To measure, or not to measure…

Big data, small data, everywhere there’s data! …But how BIG is “Big Data”?

Could we please STOP focusing on this ridiculous problem – the semantics of how big is “BIG”. Yes, data has exploded recently, and our world is filled with more and more data, data capturing devices, data analysis, etc. But why do we care so much about categorizing the data into “Big” data buckets? We are often so focused on how big the data is that we don’t get much further than finding new and more accurate ways to measure the size of the bits and bytes, Funnily enough, the size of any particular data agglomeration is actually meaningless except in a geeky data one-upmanship contest.

Do I, as an active data scientist and coach, define and explain “Big Data” to my clients? How do I accurately judge an analytics problem to figure out appropriate tools and architecture solutions?

Strangely enough, I don’t ask if they have “Big Data” – here’s how the conversation goes:

Me: Do you have access to the data?
Client: Yes

Me: Awesome! Sometimes this is actually the hardest part of a project

Me: What does your data look like? Where is it stored? 
Client: My X (usually outdated) system or flat file 
Me: Ok, I can work with that.

Me: How much data do you have?
Client: Um, oh, well, ...
Me: Is it 10Mb, a GB, a TB, etc? How many tables, or rows and columns, approximately? 
Client: Oh, it's about 100Mb. I know it's not big data...
Me: That's a great size!
Me: How many records or fields? 

You may have noticed how quickly the apologizing started about data size. This happens frequently in my experience, regardless of how big or small a client (or their data) is. I spend a good amount of time at this point assuring every client that yes, I can still work toward some awesome analytics goals regardless of their data size.

Did you know: it only takes ~30 observations in a good dataset to be able to perform certain statistical tests? Now, for a rare disease, 30 patient instances might actually be pretty large, but in most of the modern data science applications there are many more observations to work with. A 1Mb text file contains approximately 1 million characters. Let’s say there are nine 10char fields and nine commas on each line, this file then contains ~10,000 observations – more than enough to do most (if not all) modern statistical tests!

Wait - are you telling me that 30 observations is big data?!

No, I am pointing out that it could be ‘significant’ data, or data that can be used to perform an analysis that has statistical significance. There are many caveats as to whether or not the power equation will suit the analysis purpose with a very small sample size.
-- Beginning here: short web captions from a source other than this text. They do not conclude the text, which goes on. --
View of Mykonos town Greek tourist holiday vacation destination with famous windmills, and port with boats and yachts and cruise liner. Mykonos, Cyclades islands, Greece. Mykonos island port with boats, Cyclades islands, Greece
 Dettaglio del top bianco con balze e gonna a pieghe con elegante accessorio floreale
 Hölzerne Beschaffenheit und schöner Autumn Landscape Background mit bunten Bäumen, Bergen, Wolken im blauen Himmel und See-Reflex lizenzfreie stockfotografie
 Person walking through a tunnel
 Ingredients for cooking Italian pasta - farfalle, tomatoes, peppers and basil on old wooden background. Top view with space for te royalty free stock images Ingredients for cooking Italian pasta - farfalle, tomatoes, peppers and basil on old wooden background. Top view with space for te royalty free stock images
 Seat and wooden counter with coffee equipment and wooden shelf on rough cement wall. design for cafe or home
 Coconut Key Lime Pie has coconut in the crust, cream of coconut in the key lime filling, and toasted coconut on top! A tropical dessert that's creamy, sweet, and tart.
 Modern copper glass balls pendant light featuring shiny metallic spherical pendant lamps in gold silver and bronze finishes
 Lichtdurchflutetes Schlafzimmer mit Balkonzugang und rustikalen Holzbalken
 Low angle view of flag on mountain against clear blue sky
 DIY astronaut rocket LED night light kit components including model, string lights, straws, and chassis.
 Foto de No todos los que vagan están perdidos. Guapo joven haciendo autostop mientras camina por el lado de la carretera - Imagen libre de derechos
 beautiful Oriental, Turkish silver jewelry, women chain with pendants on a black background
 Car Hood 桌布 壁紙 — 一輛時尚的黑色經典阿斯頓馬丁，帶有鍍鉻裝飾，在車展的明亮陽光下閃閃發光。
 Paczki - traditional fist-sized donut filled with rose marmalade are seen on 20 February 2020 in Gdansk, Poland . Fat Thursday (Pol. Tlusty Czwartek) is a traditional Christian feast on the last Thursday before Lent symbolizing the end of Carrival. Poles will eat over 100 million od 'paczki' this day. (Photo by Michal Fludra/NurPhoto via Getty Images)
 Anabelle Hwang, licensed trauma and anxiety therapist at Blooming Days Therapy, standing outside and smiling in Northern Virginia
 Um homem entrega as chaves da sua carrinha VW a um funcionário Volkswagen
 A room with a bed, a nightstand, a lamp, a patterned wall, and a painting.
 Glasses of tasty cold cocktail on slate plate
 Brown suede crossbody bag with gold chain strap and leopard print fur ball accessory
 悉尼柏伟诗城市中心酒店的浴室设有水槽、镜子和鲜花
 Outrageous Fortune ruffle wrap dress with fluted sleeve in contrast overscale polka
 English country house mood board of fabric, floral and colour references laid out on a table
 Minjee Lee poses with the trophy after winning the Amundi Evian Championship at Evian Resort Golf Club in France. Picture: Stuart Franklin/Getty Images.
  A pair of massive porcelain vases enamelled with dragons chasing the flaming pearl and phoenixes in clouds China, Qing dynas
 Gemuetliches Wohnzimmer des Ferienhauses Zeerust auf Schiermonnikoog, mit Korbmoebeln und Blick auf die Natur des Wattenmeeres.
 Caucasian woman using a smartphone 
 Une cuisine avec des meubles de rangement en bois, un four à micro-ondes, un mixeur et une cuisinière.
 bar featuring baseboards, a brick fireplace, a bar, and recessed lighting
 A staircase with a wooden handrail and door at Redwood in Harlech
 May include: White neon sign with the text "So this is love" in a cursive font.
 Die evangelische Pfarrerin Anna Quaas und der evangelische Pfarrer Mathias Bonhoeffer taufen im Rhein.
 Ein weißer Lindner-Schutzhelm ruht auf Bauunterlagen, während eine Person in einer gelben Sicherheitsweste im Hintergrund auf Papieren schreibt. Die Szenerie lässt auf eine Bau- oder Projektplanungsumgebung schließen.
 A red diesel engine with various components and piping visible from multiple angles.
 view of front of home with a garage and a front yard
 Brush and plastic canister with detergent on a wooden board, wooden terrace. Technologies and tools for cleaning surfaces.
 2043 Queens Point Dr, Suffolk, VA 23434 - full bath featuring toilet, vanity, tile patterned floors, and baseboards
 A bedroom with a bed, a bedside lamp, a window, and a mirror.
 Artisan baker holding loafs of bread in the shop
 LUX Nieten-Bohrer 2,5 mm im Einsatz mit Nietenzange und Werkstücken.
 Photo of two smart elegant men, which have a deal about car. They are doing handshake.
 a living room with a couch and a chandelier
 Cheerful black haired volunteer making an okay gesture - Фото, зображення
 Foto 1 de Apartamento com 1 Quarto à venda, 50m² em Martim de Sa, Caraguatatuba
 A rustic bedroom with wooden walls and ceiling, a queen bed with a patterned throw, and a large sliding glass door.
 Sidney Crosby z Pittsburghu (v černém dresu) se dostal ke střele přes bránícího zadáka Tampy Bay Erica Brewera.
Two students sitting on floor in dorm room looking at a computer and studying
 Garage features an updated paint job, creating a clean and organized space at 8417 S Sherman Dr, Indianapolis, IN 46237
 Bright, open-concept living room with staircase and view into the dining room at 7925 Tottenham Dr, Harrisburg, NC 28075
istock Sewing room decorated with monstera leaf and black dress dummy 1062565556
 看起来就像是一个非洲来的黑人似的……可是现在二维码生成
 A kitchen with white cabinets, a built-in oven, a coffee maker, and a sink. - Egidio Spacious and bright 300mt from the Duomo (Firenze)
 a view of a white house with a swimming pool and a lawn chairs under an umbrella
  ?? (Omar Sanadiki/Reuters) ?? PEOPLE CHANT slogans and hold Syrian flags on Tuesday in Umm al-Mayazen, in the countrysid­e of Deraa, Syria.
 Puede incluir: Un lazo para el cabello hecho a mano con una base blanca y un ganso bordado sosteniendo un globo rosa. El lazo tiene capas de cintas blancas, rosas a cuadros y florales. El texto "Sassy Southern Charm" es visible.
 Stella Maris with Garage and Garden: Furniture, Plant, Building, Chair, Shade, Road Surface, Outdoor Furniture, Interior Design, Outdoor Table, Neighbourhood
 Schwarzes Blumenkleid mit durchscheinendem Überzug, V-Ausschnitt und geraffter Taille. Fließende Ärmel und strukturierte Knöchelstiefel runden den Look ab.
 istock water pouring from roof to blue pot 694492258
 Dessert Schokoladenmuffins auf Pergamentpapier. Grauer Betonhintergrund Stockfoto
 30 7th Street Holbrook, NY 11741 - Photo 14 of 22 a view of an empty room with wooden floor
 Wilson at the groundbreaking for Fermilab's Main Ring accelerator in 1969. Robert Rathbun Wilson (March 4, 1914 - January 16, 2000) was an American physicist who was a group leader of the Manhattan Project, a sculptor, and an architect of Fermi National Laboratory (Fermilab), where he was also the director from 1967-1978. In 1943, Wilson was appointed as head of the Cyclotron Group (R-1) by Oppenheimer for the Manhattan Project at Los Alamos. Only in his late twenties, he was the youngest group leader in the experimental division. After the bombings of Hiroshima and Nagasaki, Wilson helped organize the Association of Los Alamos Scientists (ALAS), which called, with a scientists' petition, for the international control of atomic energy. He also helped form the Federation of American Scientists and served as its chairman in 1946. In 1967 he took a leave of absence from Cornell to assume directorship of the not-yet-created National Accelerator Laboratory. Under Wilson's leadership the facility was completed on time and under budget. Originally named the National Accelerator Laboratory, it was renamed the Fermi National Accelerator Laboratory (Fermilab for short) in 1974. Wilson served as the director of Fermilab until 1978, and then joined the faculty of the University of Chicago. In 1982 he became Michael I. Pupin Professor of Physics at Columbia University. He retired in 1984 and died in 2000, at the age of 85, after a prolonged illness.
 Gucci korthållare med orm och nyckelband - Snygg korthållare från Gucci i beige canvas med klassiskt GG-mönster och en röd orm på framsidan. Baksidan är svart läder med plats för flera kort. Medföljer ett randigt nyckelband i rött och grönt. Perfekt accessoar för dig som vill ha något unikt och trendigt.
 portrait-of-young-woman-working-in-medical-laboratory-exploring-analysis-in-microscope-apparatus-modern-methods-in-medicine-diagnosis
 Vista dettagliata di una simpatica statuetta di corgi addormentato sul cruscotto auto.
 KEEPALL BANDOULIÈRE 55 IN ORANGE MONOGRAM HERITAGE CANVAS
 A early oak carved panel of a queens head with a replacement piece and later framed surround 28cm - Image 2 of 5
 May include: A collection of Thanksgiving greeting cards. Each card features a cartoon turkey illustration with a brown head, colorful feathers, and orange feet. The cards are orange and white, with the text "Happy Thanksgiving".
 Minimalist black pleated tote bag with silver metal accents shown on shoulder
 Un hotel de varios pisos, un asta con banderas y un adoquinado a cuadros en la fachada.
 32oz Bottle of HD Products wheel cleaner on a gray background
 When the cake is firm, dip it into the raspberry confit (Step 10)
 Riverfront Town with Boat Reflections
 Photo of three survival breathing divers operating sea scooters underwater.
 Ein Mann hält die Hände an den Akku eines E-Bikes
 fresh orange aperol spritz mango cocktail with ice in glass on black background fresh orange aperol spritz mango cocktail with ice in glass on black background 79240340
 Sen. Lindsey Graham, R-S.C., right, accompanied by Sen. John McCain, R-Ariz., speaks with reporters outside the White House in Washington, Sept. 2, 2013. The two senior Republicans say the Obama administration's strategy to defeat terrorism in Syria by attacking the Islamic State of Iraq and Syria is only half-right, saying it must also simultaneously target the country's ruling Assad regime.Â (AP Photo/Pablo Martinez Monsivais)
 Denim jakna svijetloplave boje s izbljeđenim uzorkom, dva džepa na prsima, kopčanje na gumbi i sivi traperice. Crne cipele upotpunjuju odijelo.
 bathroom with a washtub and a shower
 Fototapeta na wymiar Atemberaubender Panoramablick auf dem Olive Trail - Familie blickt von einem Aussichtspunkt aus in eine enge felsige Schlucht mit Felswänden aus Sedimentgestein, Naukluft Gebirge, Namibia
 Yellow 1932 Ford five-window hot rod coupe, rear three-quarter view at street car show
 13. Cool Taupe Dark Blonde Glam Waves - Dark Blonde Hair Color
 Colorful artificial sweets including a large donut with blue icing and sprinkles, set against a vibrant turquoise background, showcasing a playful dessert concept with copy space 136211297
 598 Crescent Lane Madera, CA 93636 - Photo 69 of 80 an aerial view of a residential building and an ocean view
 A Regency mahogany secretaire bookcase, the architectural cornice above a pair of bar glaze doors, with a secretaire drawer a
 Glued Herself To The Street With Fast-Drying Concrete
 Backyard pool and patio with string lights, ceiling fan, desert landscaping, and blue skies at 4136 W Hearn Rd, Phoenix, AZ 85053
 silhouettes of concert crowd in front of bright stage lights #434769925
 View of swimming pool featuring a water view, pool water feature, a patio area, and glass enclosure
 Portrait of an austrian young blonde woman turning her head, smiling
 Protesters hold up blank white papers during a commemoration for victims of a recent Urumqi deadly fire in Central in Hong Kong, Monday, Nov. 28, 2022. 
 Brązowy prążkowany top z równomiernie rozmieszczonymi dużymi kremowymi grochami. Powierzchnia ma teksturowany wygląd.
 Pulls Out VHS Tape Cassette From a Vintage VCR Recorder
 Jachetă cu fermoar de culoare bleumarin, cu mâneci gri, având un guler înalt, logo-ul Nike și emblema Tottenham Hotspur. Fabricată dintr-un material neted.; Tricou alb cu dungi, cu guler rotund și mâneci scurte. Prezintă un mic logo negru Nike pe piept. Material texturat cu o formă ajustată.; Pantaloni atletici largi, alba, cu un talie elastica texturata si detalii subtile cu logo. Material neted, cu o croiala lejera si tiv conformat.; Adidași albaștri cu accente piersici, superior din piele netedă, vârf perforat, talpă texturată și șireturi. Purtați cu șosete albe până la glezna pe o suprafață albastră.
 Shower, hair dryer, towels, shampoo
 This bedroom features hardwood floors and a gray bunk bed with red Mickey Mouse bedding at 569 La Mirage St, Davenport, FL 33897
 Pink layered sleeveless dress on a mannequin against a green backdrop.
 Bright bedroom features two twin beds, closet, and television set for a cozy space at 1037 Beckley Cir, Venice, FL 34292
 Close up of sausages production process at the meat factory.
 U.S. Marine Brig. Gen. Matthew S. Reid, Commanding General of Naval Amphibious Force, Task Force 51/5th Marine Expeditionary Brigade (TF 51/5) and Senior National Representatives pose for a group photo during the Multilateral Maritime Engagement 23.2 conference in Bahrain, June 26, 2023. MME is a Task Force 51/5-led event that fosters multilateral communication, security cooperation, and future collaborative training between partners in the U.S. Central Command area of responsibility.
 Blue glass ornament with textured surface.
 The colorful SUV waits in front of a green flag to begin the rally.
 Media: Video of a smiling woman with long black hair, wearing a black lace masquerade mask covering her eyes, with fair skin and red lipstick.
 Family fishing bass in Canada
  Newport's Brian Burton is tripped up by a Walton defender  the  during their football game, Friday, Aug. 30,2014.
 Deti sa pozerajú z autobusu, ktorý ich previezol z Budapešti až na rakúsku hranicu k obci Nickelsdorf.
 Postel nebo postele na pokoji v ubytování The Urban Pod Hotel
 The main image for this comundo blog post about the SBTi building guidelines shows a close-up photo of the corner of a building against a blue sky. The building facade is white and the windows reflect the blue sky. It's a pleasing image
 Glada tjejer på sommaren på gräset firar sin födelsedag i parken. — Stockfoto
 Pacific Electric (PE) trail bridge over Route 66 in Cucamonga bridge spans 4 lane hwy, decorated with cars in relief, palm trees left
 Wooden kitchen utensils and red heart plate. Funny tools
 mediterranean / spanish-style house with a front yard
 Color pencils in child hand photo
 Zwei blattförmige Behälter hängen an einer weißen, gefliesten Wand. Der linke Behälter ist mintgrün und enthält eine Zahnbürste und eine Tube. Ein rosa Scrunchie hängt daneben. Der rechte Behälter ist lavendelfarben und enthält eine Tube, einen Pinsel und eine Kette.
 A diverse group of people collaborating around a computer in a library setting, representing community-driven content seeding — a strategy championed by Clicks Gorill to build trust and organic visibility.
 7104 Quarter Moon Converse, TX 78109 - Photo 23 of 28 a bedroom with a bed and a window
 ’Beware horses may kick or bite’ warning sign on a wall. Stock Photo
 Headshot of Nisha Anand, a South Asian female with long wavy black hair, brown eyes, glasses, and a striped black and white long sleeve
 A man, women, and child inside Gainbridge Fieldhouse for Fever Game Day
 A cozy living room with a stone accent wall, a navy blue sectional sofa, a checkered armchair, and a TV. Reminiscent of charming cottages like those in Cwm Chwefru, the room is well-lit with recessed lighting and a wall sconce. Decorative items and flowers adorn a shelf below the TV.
I am telling you that it is possible for very small data sets to (potentially) provide a statistically significant analysis result.

So before you start apologizing for the ‘size’ of your data think about it this way:

  • What is the analysis you want to do?
  • Do you have “enough” data?
  • Do you have “too much” data?
  • Do you have a data “problem”?

The hype buildup around big data is really leaving out a key term ‘problem’. Do you have “Big Data” should really be Do you have a “Big Data Problem”. What’s a Big Data Problem? It’s ultimately any size of data you can’t reasonably handle in a way you need to – which means different things to different people. I believe the term ‘big data’ might even have stemmed from excuses for systems that couldn’t handle a change in data volume or flow.

Consider the following scenarios:​

  • Someone at IBM or Cisco or Bell might have a “Big Data Problem” analyzing the packets from entire countries of network operations – so much data that is coming so fast that they can’t handle the throughput in a reasonable time to take action on repairing infrastructure hardware.
  • A retail store might have a “Big Data Problem” because they have 10 years of store transactions stored in excel spreadsheets at each retail location in different formats. The data is messy, disconnected, and likely too large for their tools.
  • A successful mom-and-pop bakery might have a “Big Data Problem” handling their inventory and sales forecasting using their one big spreadsheet they have collected for years and that now takes 20 minutes to open on their computer!
  • A third-world doctor’s group might have a “Big Data Problem” crunching imaging lab results using their cell phone – which is the most ubiquitous computer in remote areas. However a cell phone is only a small computing device and can’t really hold onto lots of data or perform intense calculations.

All of these have a common thread: data. The comparative size of the data actually doesn’t matter – is the mom- and-pop bakery’s data not important because it still (barely) fits into a spreadsheet? Should we discount the need to analyze lab results using cell phones in third world countries because the data is only a few images worth? Are only the “big” players with terabytes of data the ones with data problems? No.

Data Science needs to address all of these types of data problems, and ultimately it doesn’t matter how big each scenario’s data is – it is “too big” for their use case, and causes them a data problem.

So let’s agree to stop measuring our data and looking to compare sizes like some set of school kids in the locker room! Let’s continue to solve “data problems” regardless of size so that greater value can be derived from datasets. We need to focus our energy on creating the techniques, tools, and solutions that will answer the endless stream of questions we want to investigate using the plethora of data that exists in our world today.